The Number is the sequel to The Chosen. Initially when I started writing my first novel, I thought that it was the hardest thing ever. When you write a novel, obviously it isn’t the same as writing a short story. You need to really develop your character and refine your world building skills. And then you need to take your simple little idea and write about it for a good 60-80,000 words. For the aspiring writer, it’s a mountain to climb and once you reach the peak, it’s an exhilarating accomplishment.

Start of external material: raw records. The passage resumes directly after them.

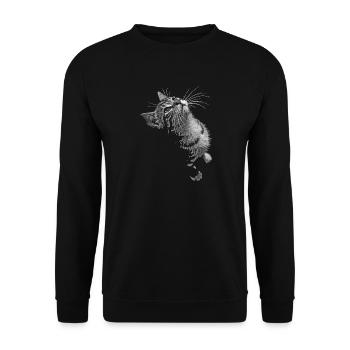 Grayscale Cat Purring Look - Unisex Sweatshirt - black - Front - Alina (178cm) & Michal (187cm)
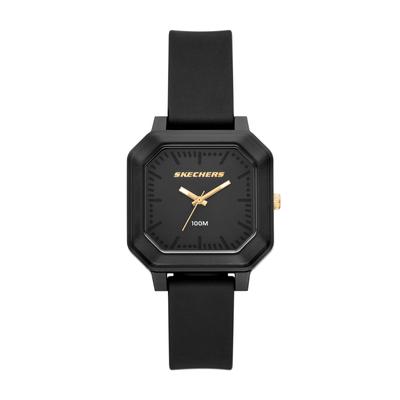 Quarzuhr SKECHERS "Rosencrans Square", schwarz (schwarz, goldfarben), Armbanduhren, Herren, Quarzuhr, Armbanduhr, Damenuhr, Herrenuhr, Silikonarmband, analog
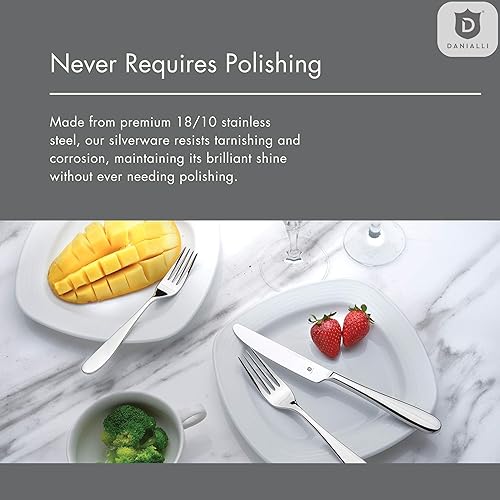 Vista 10 de Silverware Set for 8 – 18/10 Stainless Steel Flatware, Mirror Polished, Dishwasher Safe, Heavy-Duty, Rust Resistant, Elegant Tableware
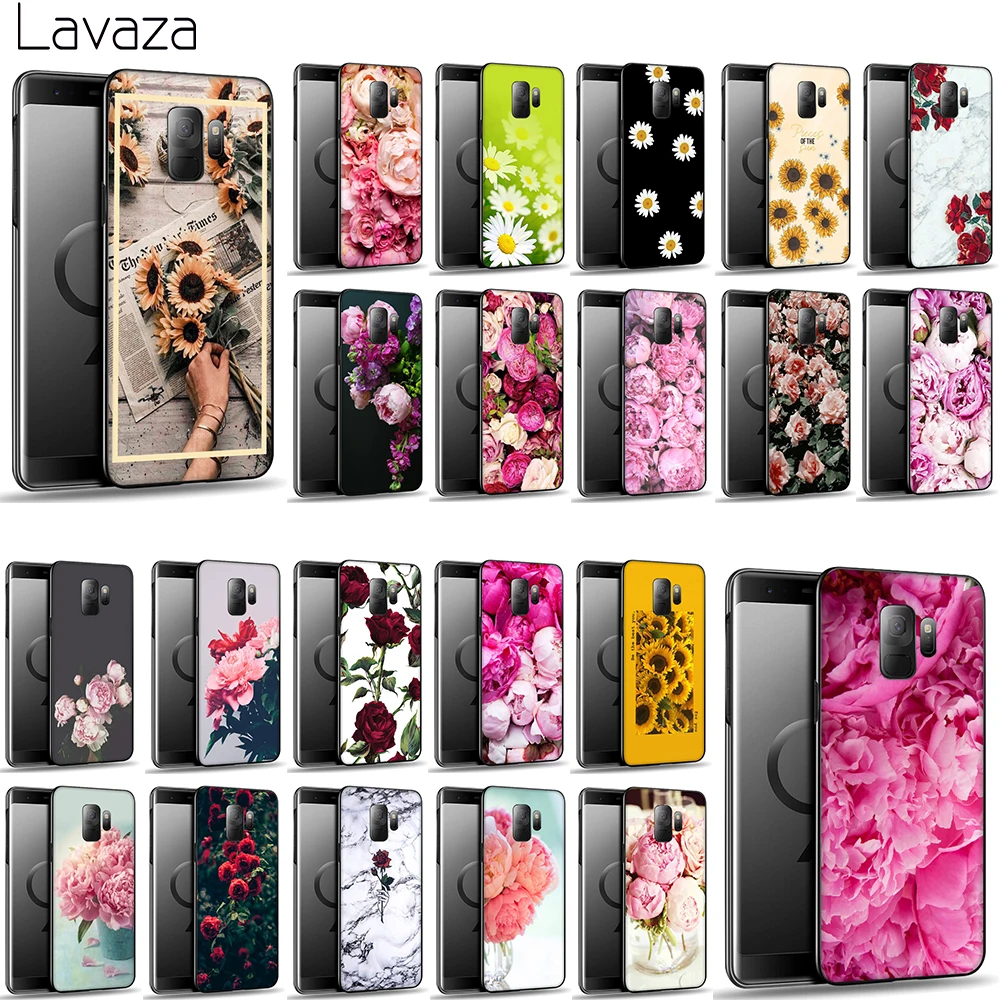 Мягкий ТПУ чехол Lavaza пион Подсолнух Роза Дейзи для Samsung Galaxy S8 S9 S10 Plus S10e A6 A8 A9 J6 2018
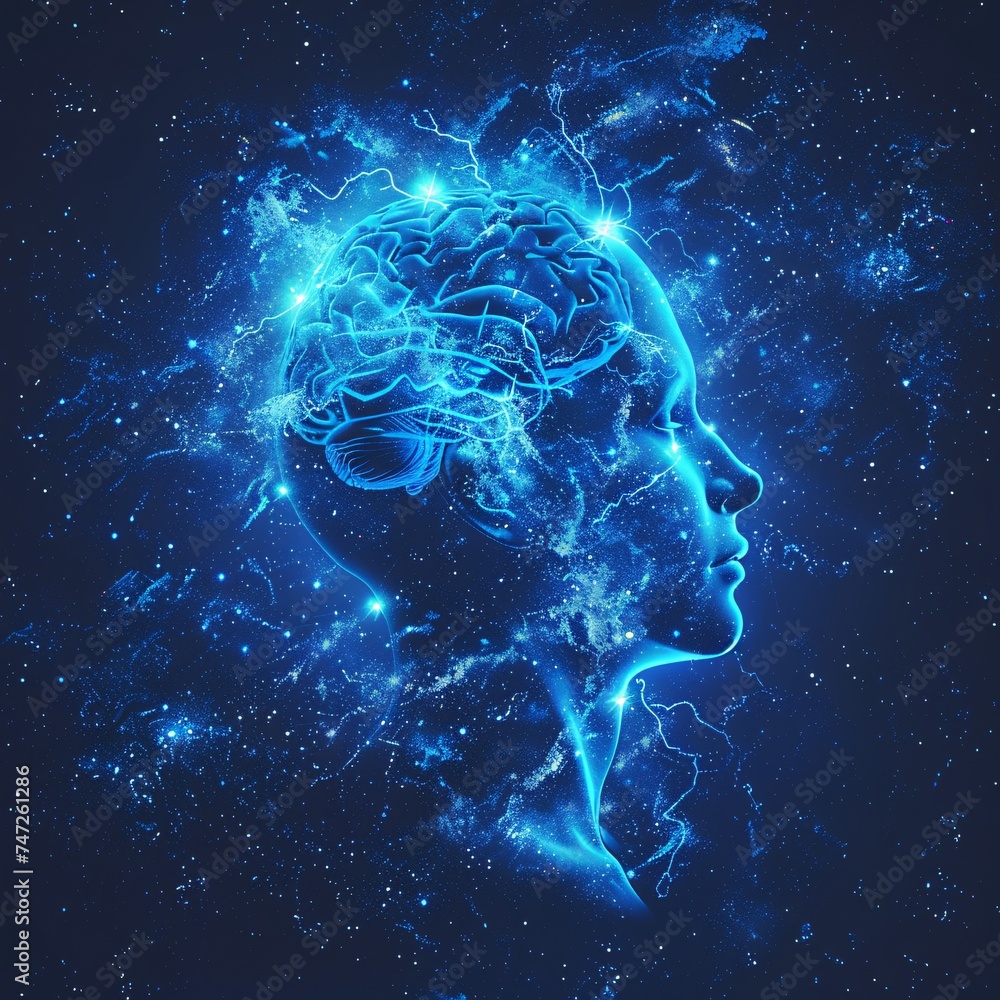 Neural Network Nightscape A Blue Brain in a Black Universe Generative AI Neural Network Nightscape A Blue Brain in a Black Universe Generative AI
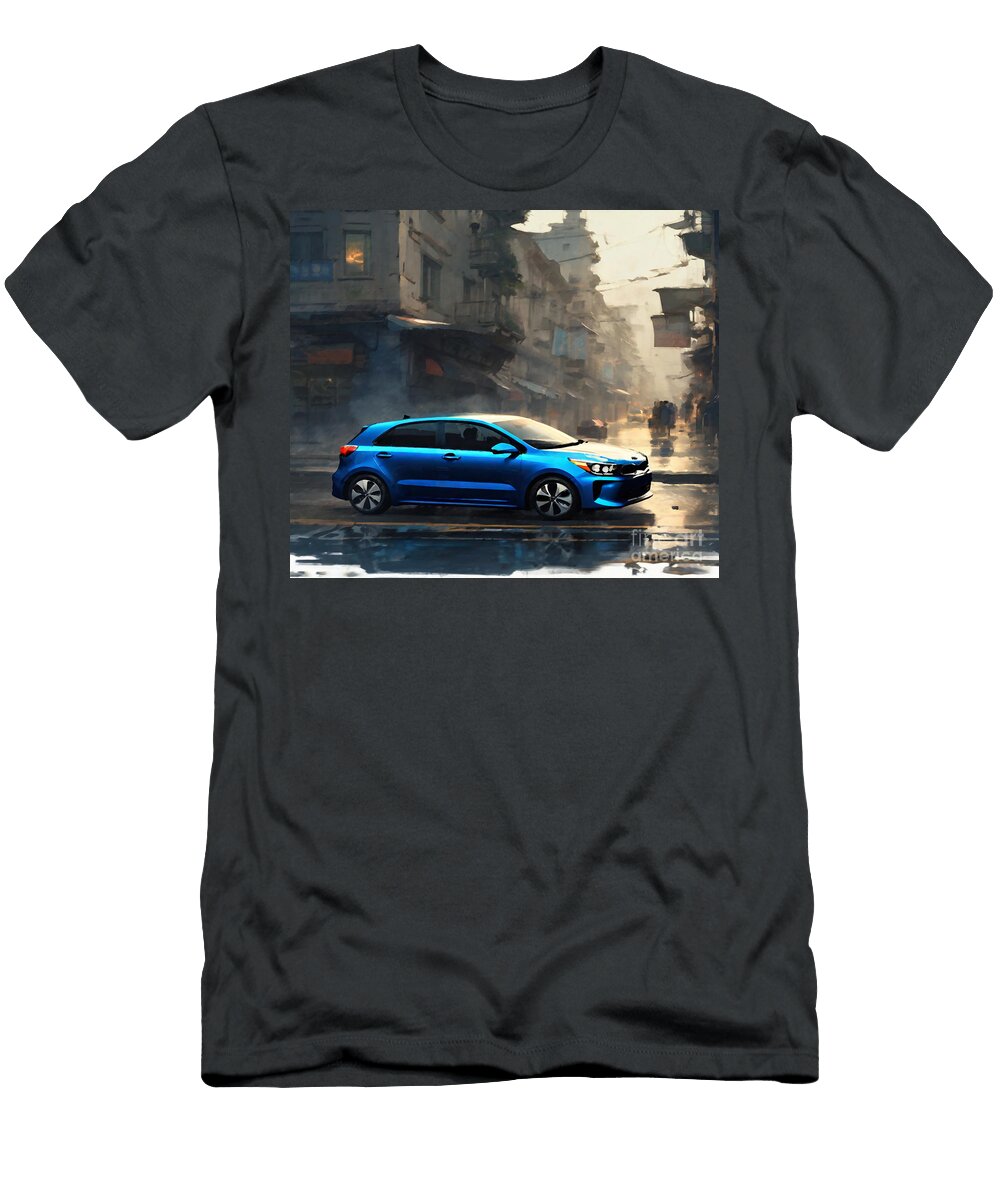 Kia Rio 2021 Side View Exterior Blue Hatchback Cortez Schinner T-Shirt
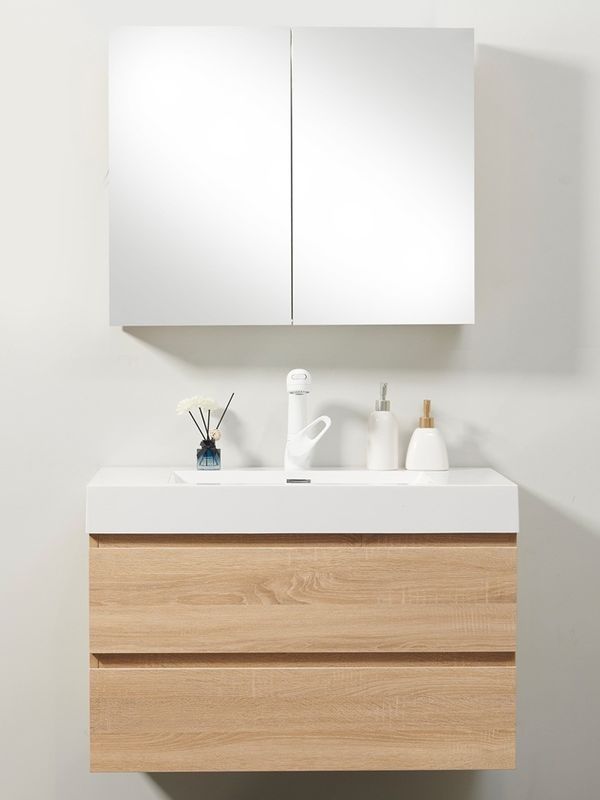 High End Custom Waterproof Bathroom Vanity with Sink and Door Finish in PVC/Lacquer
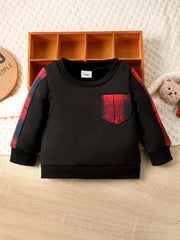 Baby Boy Plaid Long sleeved Top Trousers 2pcs Set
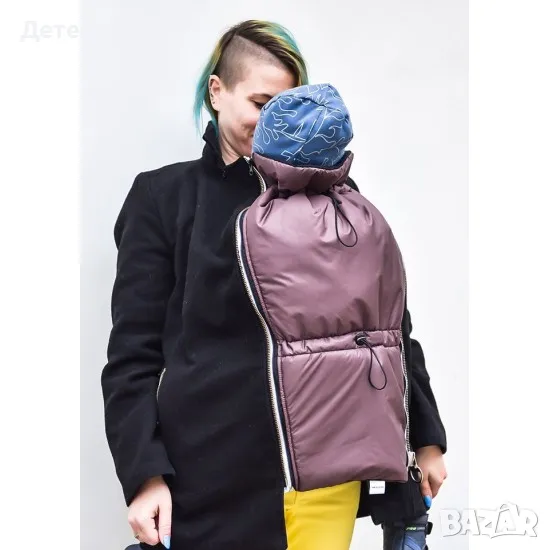 Покривало удължител за раница и за бременни, с цип кафяво, снимка 1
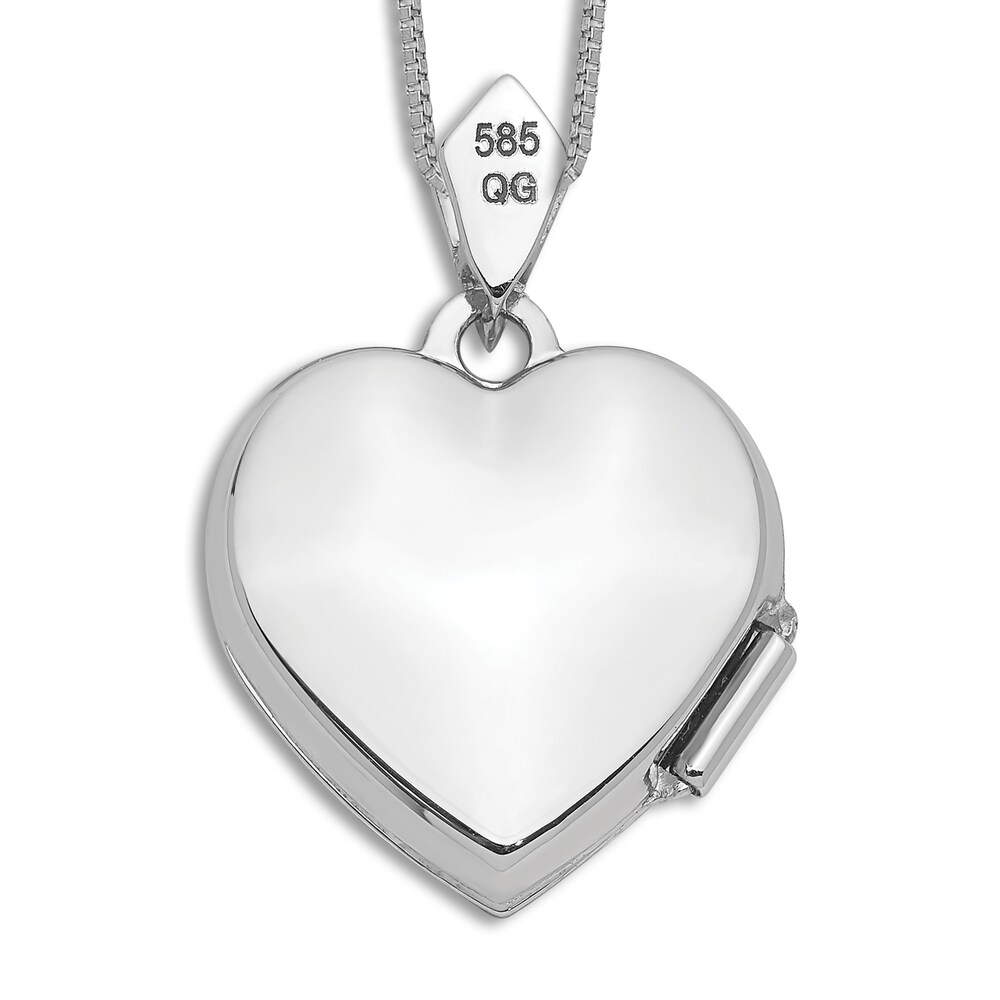 Heart Pendant Locket Necklace Diamond Accents 14K White Gold 18\" 2JyrT5Ju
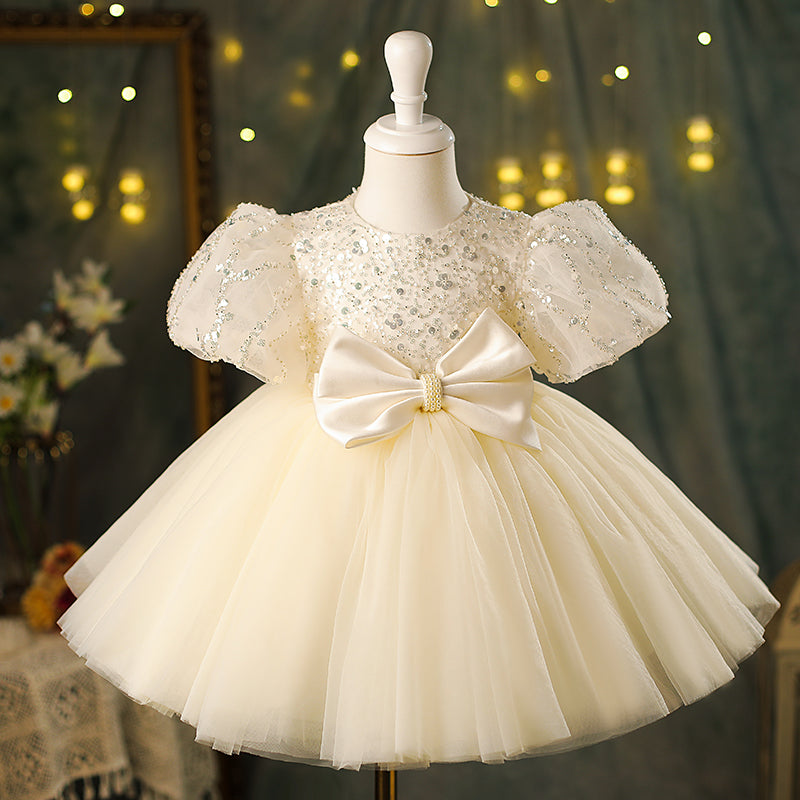 Sparkly Champagne Sequin Tulle Princess Flower Girl Dress with Bow - Perfect for Weddings, Pageants & Special Occasions
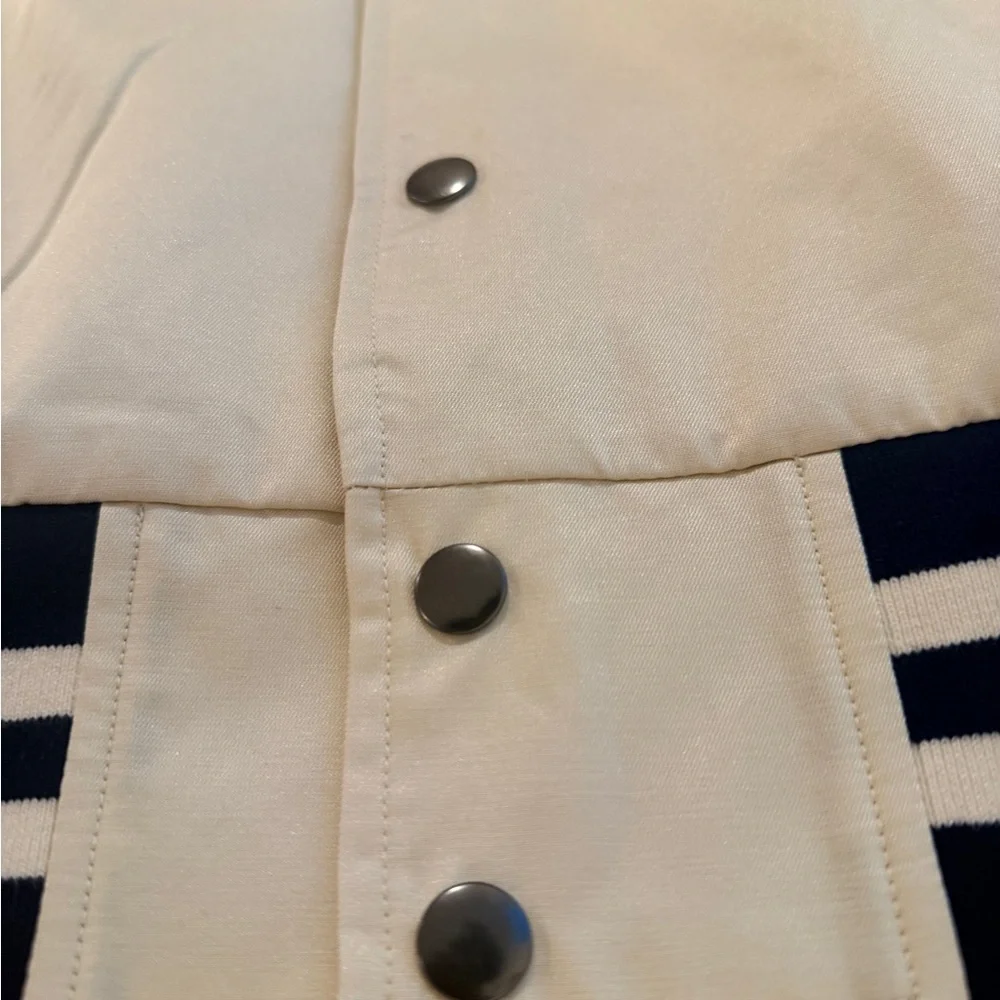 Todd Snyder x Champion Cream Striped Satin Bomber Jacket size Medium NWT - Picture 10 of 10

And then you start writing the sequel.
I had a clear vision of how to end The Chosen, but for the life of me, I had no idea how to start The Number. There is a time gap of five years between the books and I found myself asking: How do I fill the reader in what’s happened to all of the characters during that time span? That’s a long time and my characters have all been doing something. They haven’t just stayed in limbo.
I thought that maybe I should sort of do a countdown. Like, highlight an event that happened five years ago, then four years ago, etc. until we meet our characters in “real time”. But as neat as the idea was, I scrapped it. I liked knowing the timeline for my own personal notes, but it just seemed like I was forcing a beginning. The more I thought about it, the more I realized that I needed to tackle this as if I was meeting an old friend again. You don’t just come out and dump information at one time. What happened during the years you haven’t seen your friend is told gradually. You tell a little bit in one meeting and then a bit more in another meeting and so on and so forth. I felt like my characters needed to take their time to tell the others what has happened to them during the five years apart on their own time.
Of course figuring out how to start The Number was only part of the problem. Nobody tells you that all that world building you did in the first book is going to be put to the test in the sequel. My advice: If you’re going to be writing a sequel, be sure to take notes on every little detail. Luckily for me, I had already started on a binder full of details about my world when I started with The Chosen. It really helped during the process of writing The Number because I wasn’t constantly flipping through the first book to figure out a description of a character or place.
Despite the pressure of getting things right, the sequel is still fulfilling to work on. You and your readers already know the characters and if your readers are grabbing the sequel then you know you’ve written characters people want to be invested in. And as a writer, I think it’s fun to keep the adventure going, especially when you know that your characters’ stories aren’t done being told.
Kaia disappeared for five years. Now she’s back and her planet is on the brink of war.
The new “Numbers” program, created by the Tueors’ leader, tracks and isolates demigods. Kaia’s friend, Catrina, refuses to take part, and that makes her the most dangerous Number of all.
It’s Kaia’s duty to gather and protect the treasures of the gods. But neither the treasures nor Catrina are what they appear to be.
As the day a dire prophesy foresees draws near, will Kaia reverse the gears of fate, or will everything she’s ever loved be burned away by the flames of war?